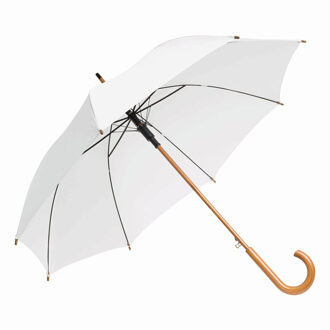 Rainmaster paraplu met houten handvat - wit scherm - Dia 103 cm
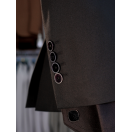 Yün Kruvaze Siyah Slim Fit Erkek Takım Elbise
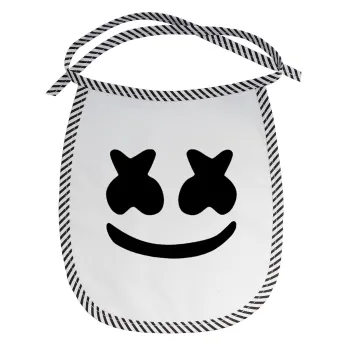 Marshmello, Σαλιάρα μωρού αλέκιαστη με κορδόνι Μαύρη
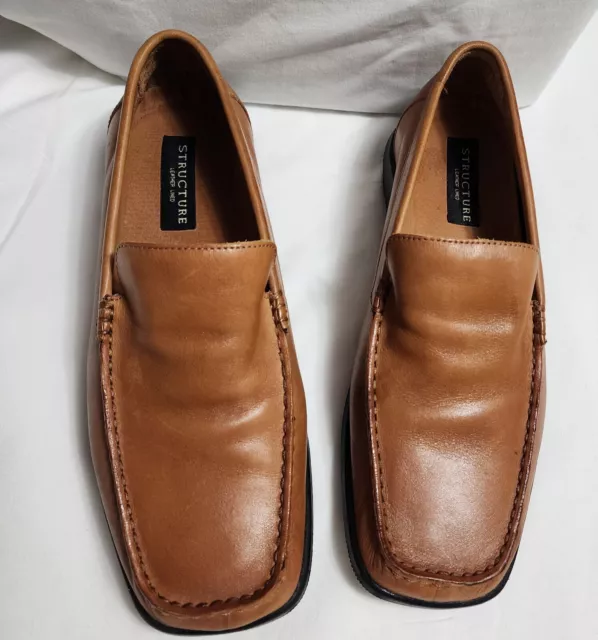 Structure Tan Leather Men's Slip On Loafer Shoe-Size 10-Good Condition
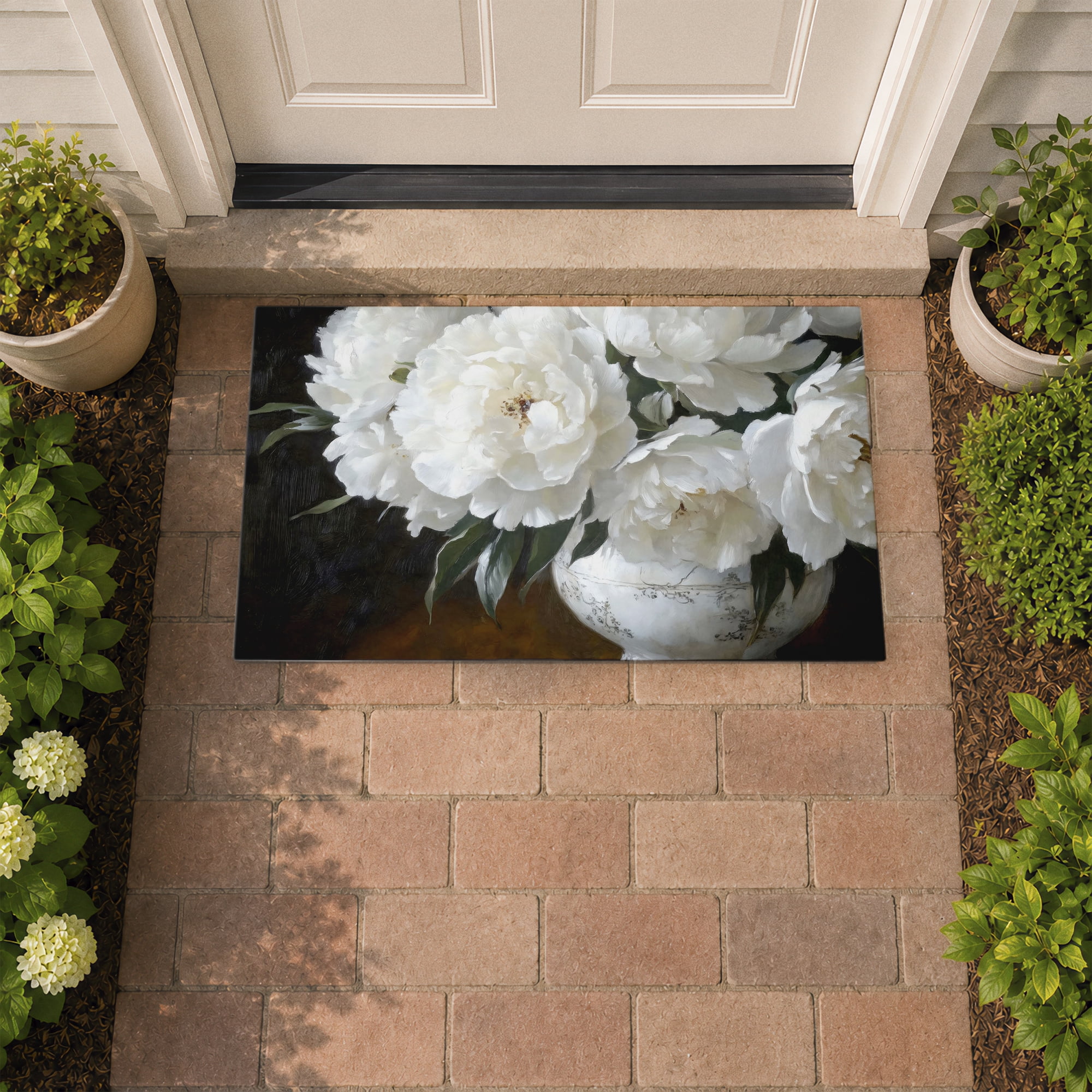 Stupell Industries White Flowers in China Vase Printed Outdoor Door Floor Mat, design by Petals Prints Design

---

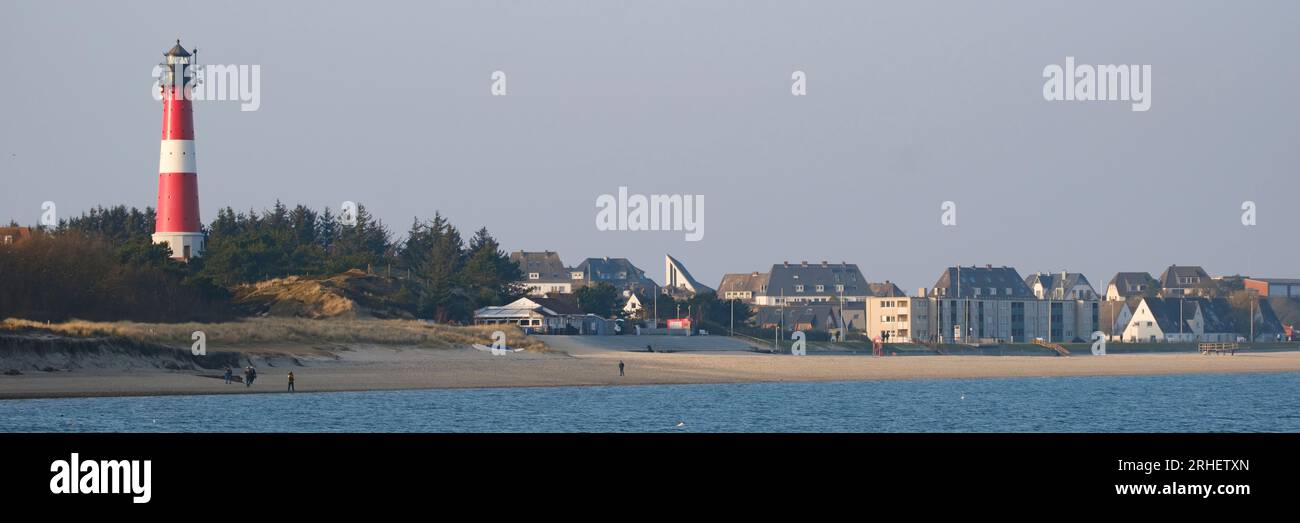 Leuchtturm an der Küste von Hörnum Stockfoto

---

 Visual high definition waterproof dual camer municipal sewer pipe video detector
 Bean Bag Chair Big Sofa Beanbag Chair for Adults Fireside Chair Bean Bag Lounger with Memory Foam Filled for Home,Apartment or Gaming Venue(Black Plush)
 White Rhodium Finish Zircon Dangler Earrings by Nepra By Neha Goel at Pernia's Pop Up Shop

**How to complete this task:** What is needed is an exact copy of the lines above, from the one holding "Marshmello, Σαλιάρα μωρού" down to the one holding "Stupell Industries White", with those two included and the pictures left out.

**Result:**
 Marshmello, Σαλιάρα μωρού αλέκιαστη με κορδόνι Μαύρη
 Structure Tan Leather Men's Slip On Loafer Shoe-Size 10-Good Condition
 Stupell Industries White Flowers in China Vase Printed Outdoor Door Floor Mat, design by Petals Prints Design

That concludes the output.